Wednesday, February 4, 2015

How Bad Do Things Look for Ross Ulbricht?

If journalist Nicholas Weaver's account is accurate, and it appears it is, then Ross is in very serious trouble.

It seems the only remaining question is the one posed by Weaver:
 Did Ulbricht’s lawyer believe the defendant, or did he cynically want to keep getting paid?
Weaver outlines three possibilities:
The first possibility is that Dratel believed his client. If so, you’d want to preserve his ability to testify. Yet the defense had the server and laptop for months, complete with both the infamous diary and Ulbricht’s admitted stash of Bitcoins. It was a simple matter for me, with just public information and a couple hours of coding, to trace 20% of Ulbricht’s stash as coming directly from Silk Road. It turns out that the wallet.dat files were able to trace many more. To my mind, a defense attorney simply believing a client’s falsifiable statements, without at least checking, seems incompetent.

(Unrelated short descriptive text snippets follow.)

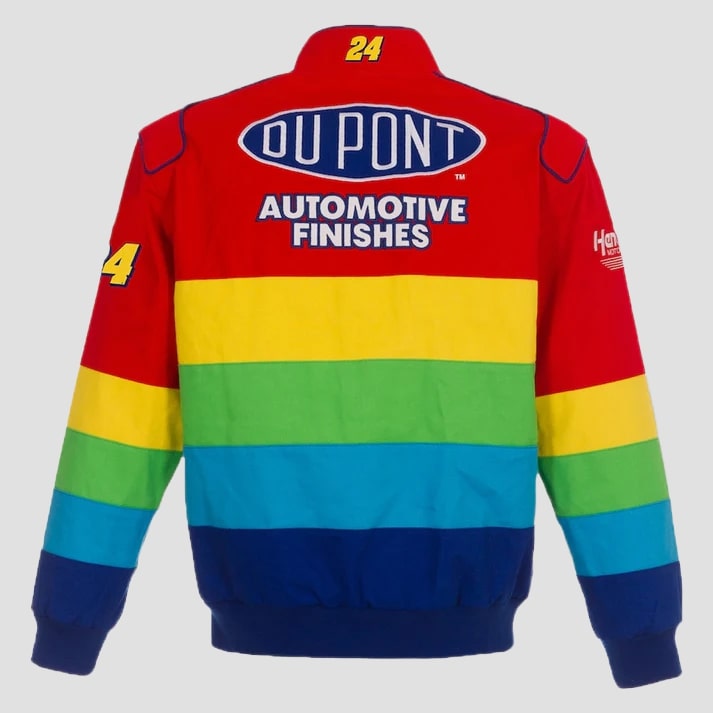 Men's Rainbow Color Twill Racing Style Jacket
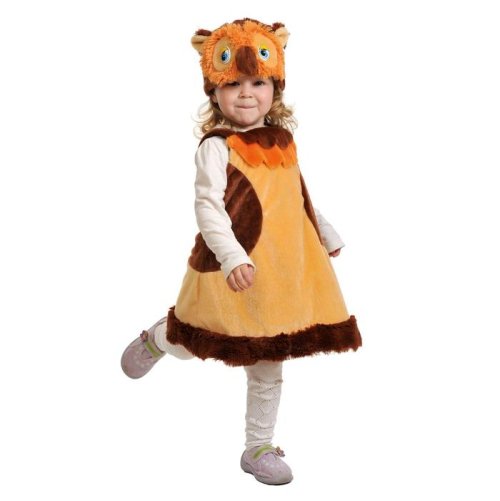 Карнавальный костюм "Сова", плюш, сарафан, маска, рост 92- 122 см    2512733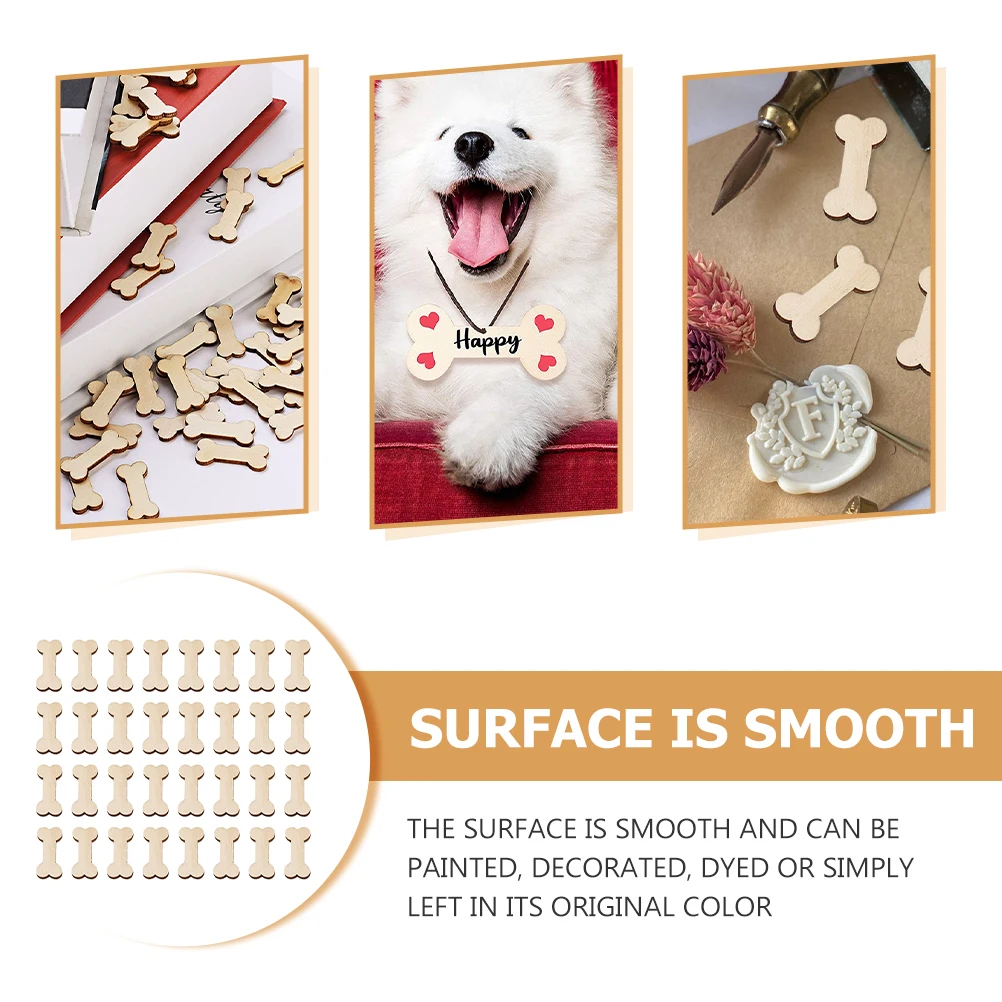 

50pcs Wooden Dog Bone Cutouts Natural Wood Craft Decor Diy Pet Tags Home Hanging Ornaments Classroom Party Shower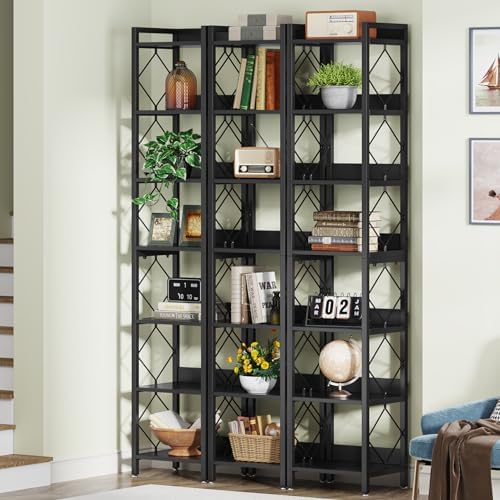 Tribesigns 78.7 Inch Tall Skinny Narrow Bookshelf Bookcase Set of 2, Black - Image 3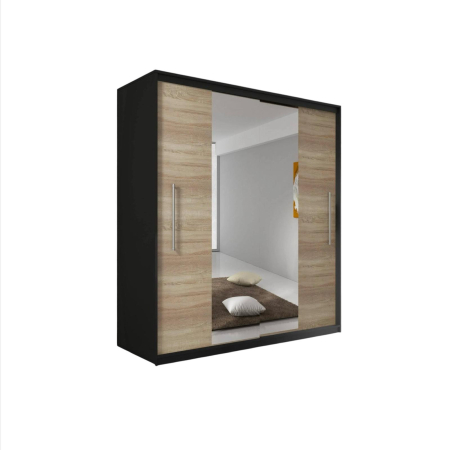 Dressing Alex, 160x60x200cm, cu oglinda, Wenge-Sonoma, Pal 18 mm [2]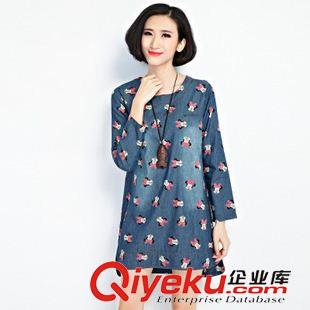 亞麻/棉麻長(zhǎng)袖連衣裙 長(zhǎng)袖連衣裙秋裝韓版新款牛仔大碼女裝米奇印花女裝長(zhǎng)袖牛仔連衣裙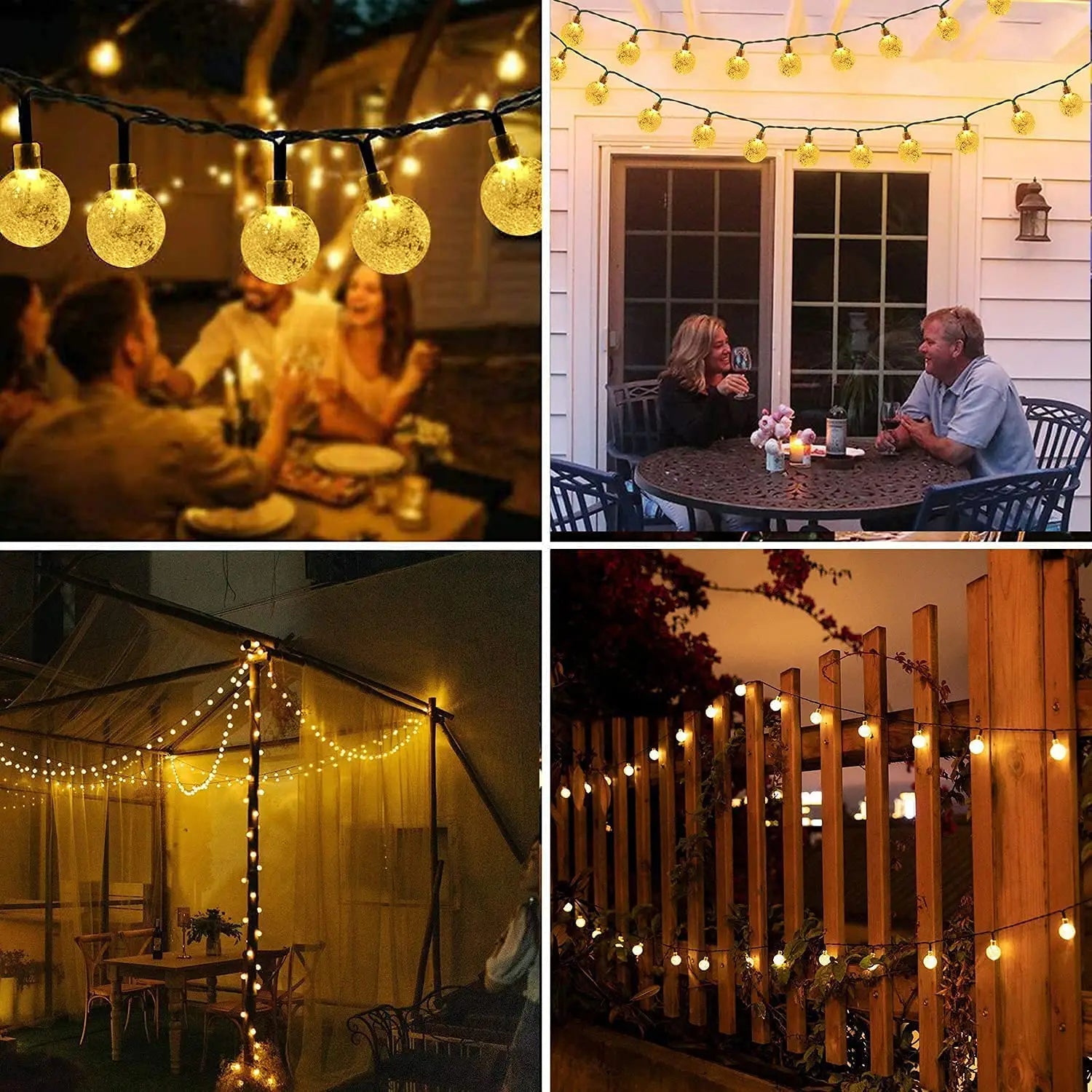 Solar Outdoor Crystal Ball Light String,100/200LEDs 8 Modes Waterproof Solar Fairy Lamp for Garden Courtyard Party Decoration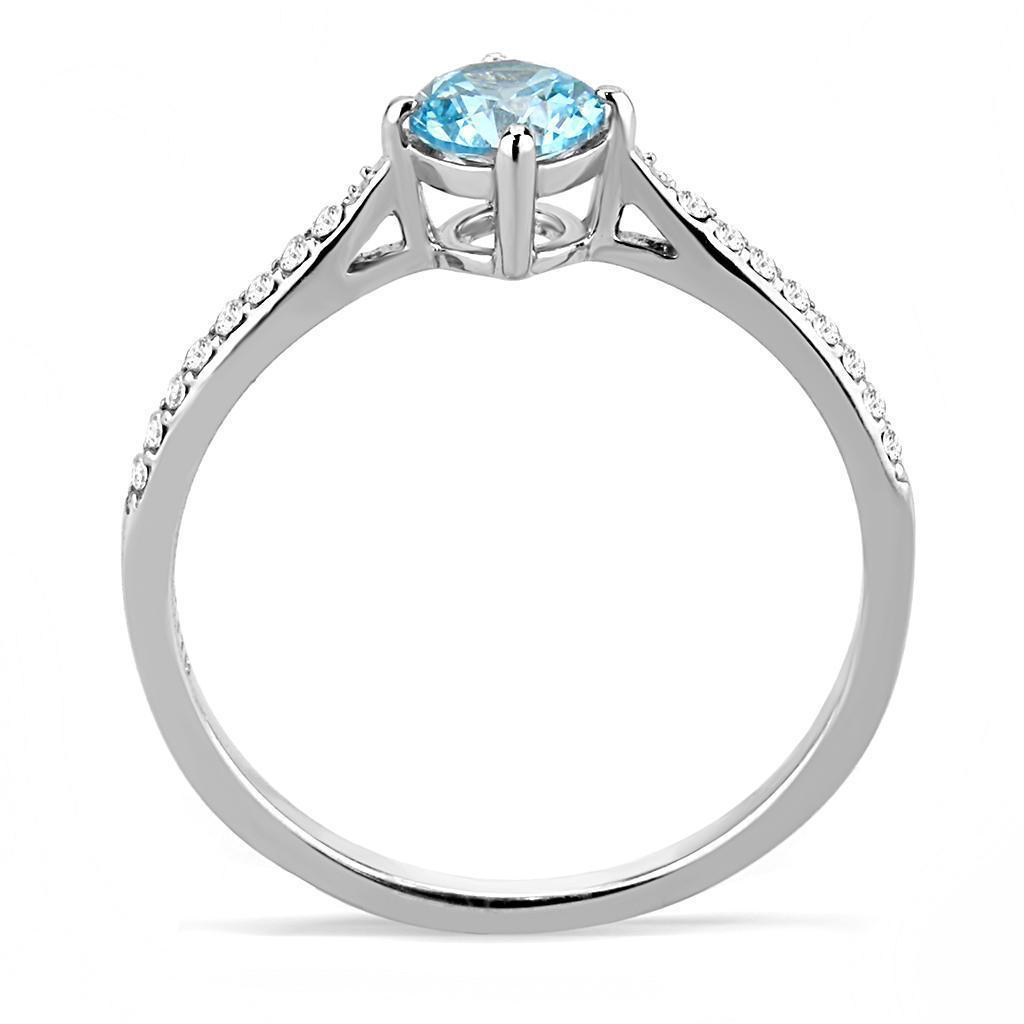 Womans Silver Aquamarine Ring High polished (no plating) 316L Stainless Steel Ring with AAA Grade CZ in Sea Blue DA019 - Jewelry Store by Erik Rayo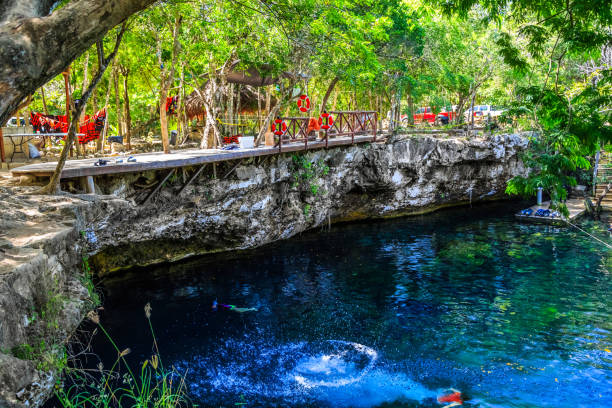 istock Man jumps in lake. Cenote Mexico 916660270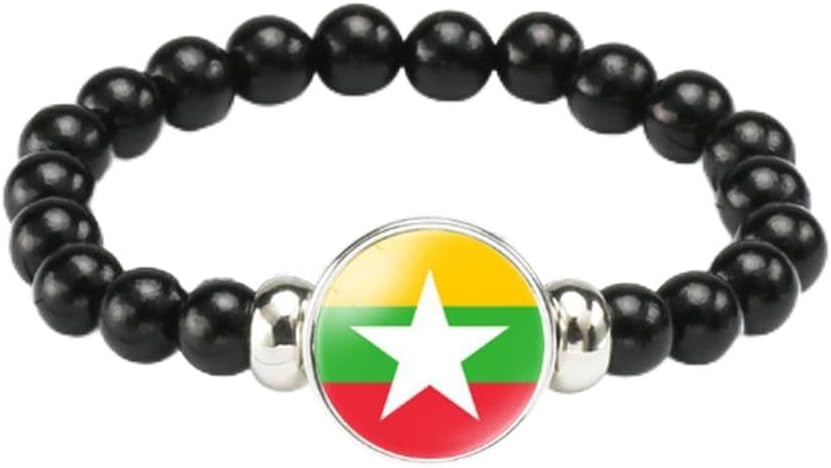 vmcoatdu National Flag Bracelet Elastic Rope Beaded Bracelet Support Your Country Travel Souvenir Gifts for Men Women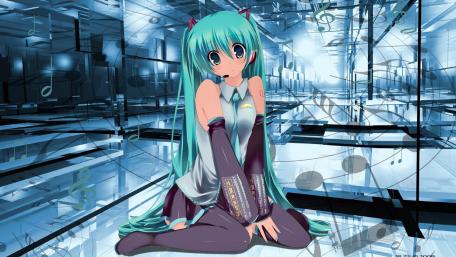 Vibrant Anime Girl with Captivating Blue Hair wallpaper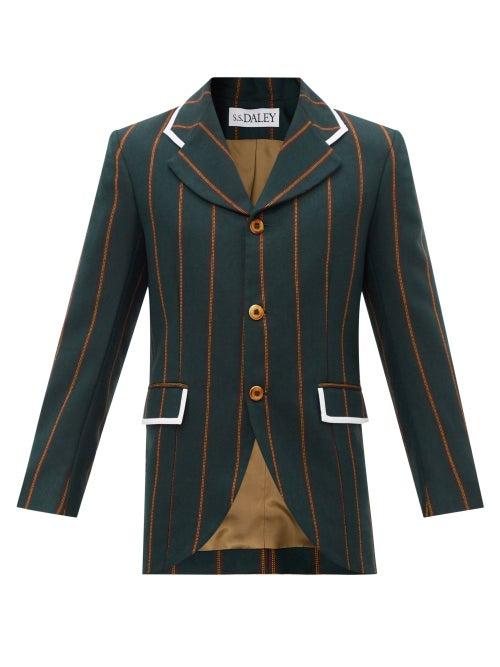 S.s. Daley - Forest Rowing Striped-wool Suit Jacket - Mens - Dark Green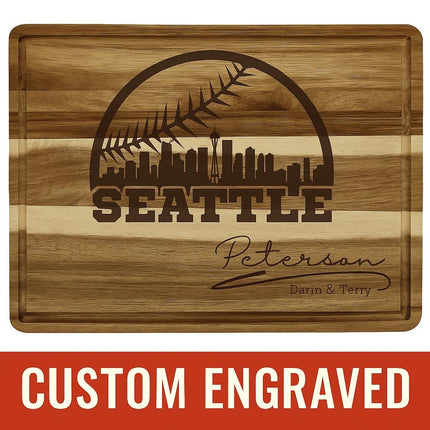 Personalized Seattle Baseball Cutting Board: Acacia Wood, Sports Fan Gift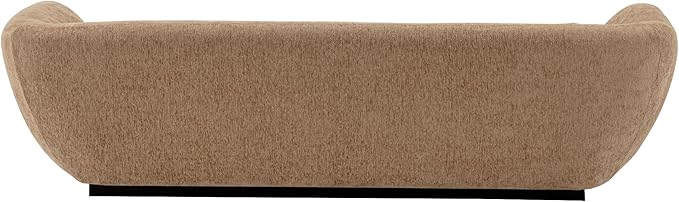 Manhattan Comfort Ulka 96-Inch Contemporary Boucle Sofa for Living Room with Premium Pine Wood Frame, Metal Base, High-Density Foam Padding & 2 Bolster Pillows, Light Brown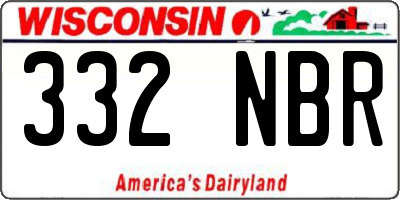 WI license plate 332NBR
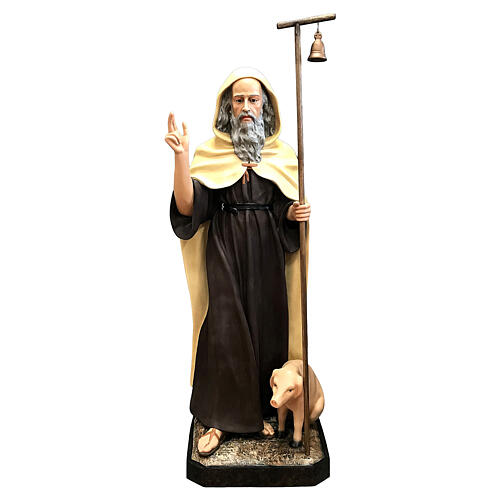 Statua Sant'Antonio Abate mantello chiaro 160 cm vetroresina dipinta 1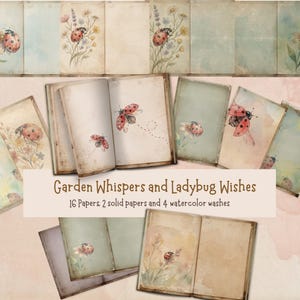 Pode incluir: Uma coleção de papéis e diários em estilo vintage com ilustrações em aquarela de joaninhas e flores. Os papéis têm um aspeto envelhecido com fundos pastel suaves. O texto "Garden Whispers and Ladybug Wishes" é exibido.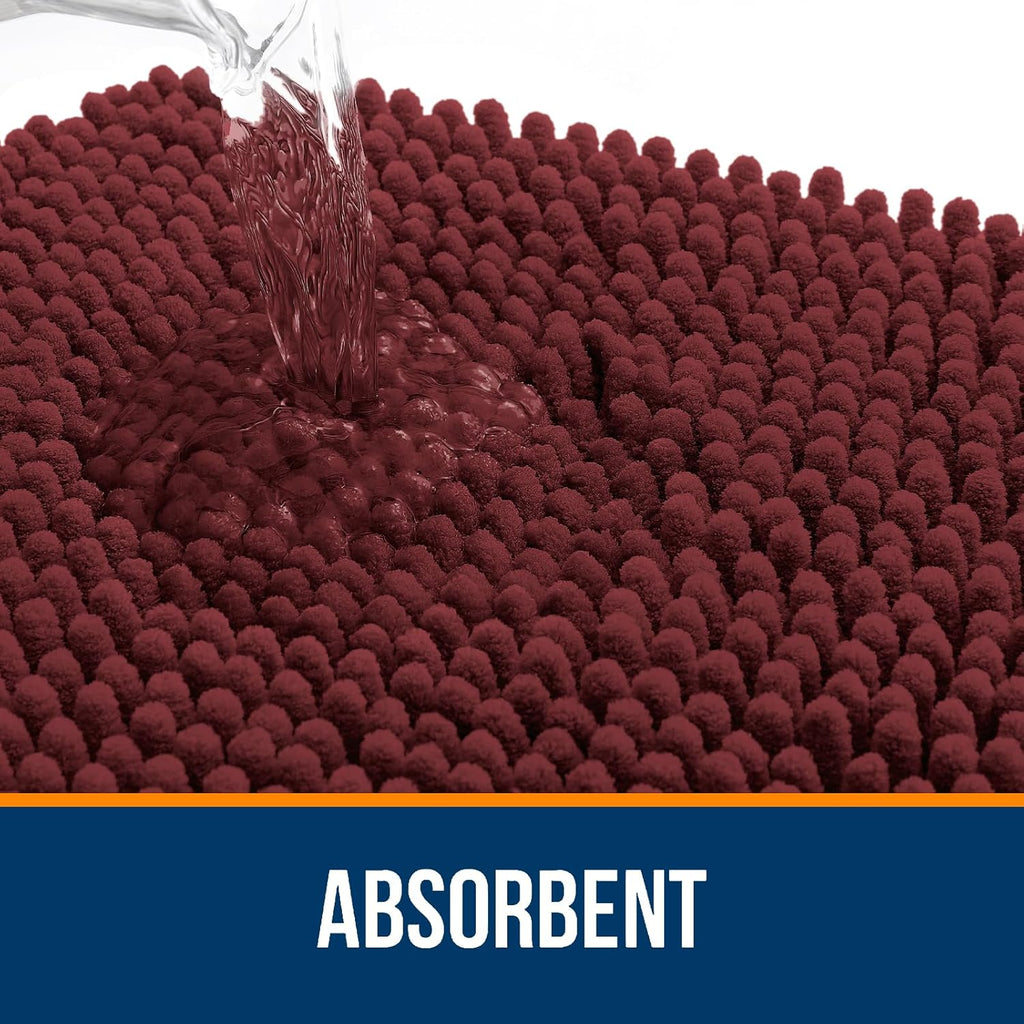 OLANLY Large Bathroom Rugs - Soft Absorbent Chenille Bath Mats | Quick-Dry Rubber Backing, 47x32, Andorra Red-Brown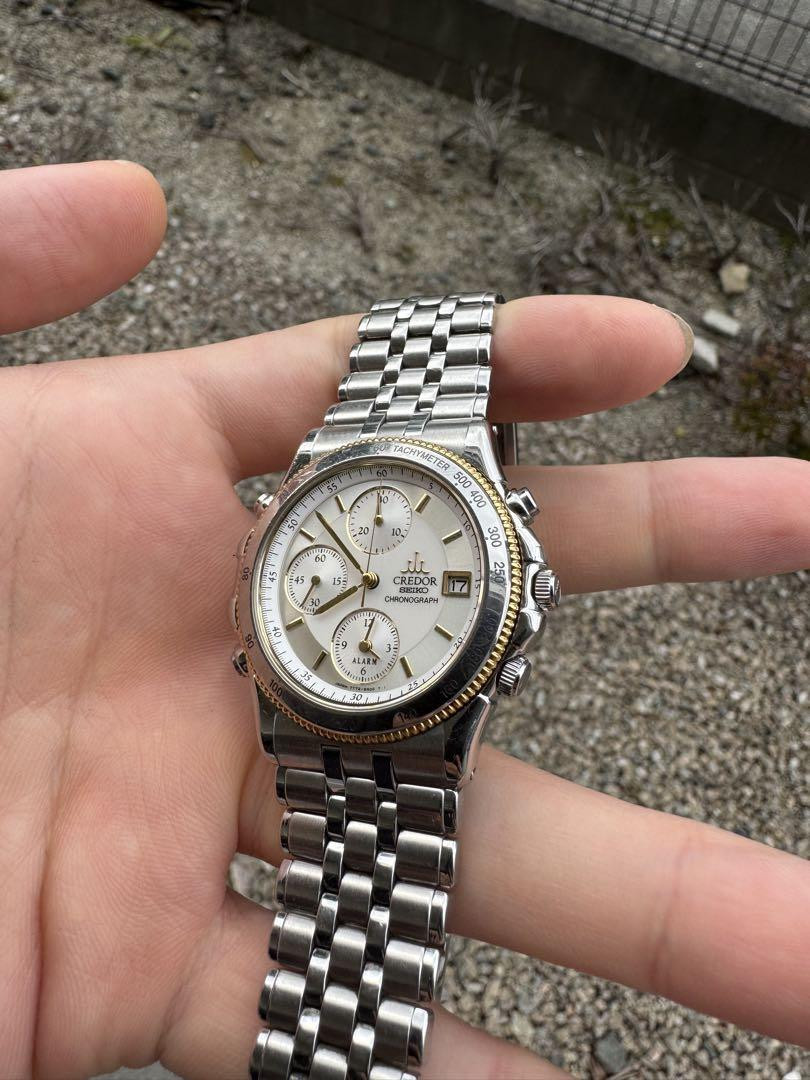 Seiko Credor Pacifique Chronograph 7T72-6A00 Stainless Steel Watch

So the defense should have known that putting Ulbricht on the stand would be absolute suicide: the prosecution would start with “So why were you holding the Dread Pirate’s Bitcoins?” and the day would get worse from there.

The second, and most likely, possibility was that Ulbricht was simply a difficult client. Every lawyer can tell stories of clients who, after receiving sound advice, simply refuse to listen.

The final, and cynical option is that Dratel simply wants to keep getting paid. Ulbricht’s defense is largely funded by donations. Although Roger Ver initially contributed a substantial amount, most subsequent donations have been relatively small. Although a declaration couldn’t be used in court, it would have convicted Ulbricht in the court of public opinion. How many would give money to Ulbricht’s defense if Ulbricht admitted he was the Dread Pirate Roberts?
Weaver's full analysis is here.

Ulricht faces a mandatory minimum 20-year prison sentence on the strongest charge against him for running a continuing criminal enterprise.


1 comment:

  1. Ever heard of Attorney/Client confidentiality? In other words, it doesn't matter if his lawyer "believes" him, Ulbricht can tell his lawyer that he is DPR, and the lawyer will still defend him in court as if he isn't. The question is whether he is "believable" to a jury.

    But most likely, the lawyer doesn't want to put Ulbricht on the stand because then the prosecution can cross-examine with a lot of questions that they cannot ask another witness. It's a strategic move and probably doesn't have anything to do with whether the lawyer "believes" Ulbricht or not.